ソシテダレモイナクナッタ
そして誰もいなくなった
Agatha Christie著。訳は清水俊二。
<その物語>
物語はインディアン島という島を舞台に展開される。その島の所有者はアメリカの富豪からその島を買い取ったU. N. オーエンという謎の人物。
様々な成り行きでその島に集った8人の男女(高名なもと判事で「首吊り判事」との異名も持つローレンス・ジョン・ウォーグレイヴ、秘書や家庭教師を務めてきたヴェラ・エリザベス・クレイソーン、もと陸軍大尉のフィリップ・ロバート、厳格な清教徒の老婦人エミリー・カロライン・ブレント、退役した老将軍ジョン・ゴードン・マカーサー、医師のエドワード・ジョージ・アームストロング、お洒落な青年アンソニー・ジェイムズ・マーストン、もと警部ウィリアム・ヘンリー・ブロア)がオーエン家の2人の召使い(トマス・ロジャースとエセル・ロジャース)の給仕を受けながら夕食をとっていたそのとき、突然その10人の人々それぞれに殺人罪の嫌疑がかけられていることを告げる声が鳴り響く。

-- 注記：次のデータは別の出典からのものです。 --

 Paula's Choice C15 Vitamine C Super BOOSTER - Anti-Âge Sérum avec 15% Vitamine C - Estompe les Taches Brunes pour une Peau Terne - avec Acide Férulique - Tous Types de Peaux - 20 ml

その宣告の直後、宿泊客の一人が命を落とす。その死に様は、各人の部屋に飾られていたインディアンの少年たちを題材とする「十人のインディアンの少年が食事に出かけた。一人が咽喉をつまらせて、九人になった。九人のインディアンの少年がおそくまで起きていた。一人が寝すごして、八人になった。八人のインディアンの少年がデヴァンを旅していた。一人がそこに残って、七人になった。七人のインディアンの少年が薪を割っていた。一人が自分を真っ二つに割って、六人になった。六人のインディアンの少年が蜂の巣をいたずらしていた。蜂が一人を刺して、五人になった。五人のインディアンの少年が法律に夢中になった。一人が大法院に入って、四人になった。四人のインディアンの少年が海に出かけた。一人が燻製のにしんにのまれ、三人になった。三人のインディアンの少年が動物園を歩いていた。大熊が一人を抱きしめ、二人になった。二人のインディアンの少年が日向に座った。一人が陽に焼かれて、一人になった。一人のインディアンの少年が後に残された。彼が首をくくり、後には誰もいなくなった。」という子守歌に似通っていた。そして残った人々もまた一人、また一人と次々とその子守歌に符合するかのような死を遂げていく…、やがてインディアン島に生者は一人もいなくなった。
<メモランダム>
はじめて読んだAgatha Christieの小説。読み手は犯人を明示する手がかりを見いだすことができず(少なくとも私には見いだせなかった)一人また一人と死んでいく登場人物の姿を見守るしかない。最後になって読者は犯人が海に投じた壜に封入された告白書からそのからくりを知るのである。
大学時代、深夜に実験棟の実験室でデータ収集の待ち時間に読んでいた。物語が佳境に入ったとき、ふと背後に気配を感じて振り向くと、そこには指導教官が…。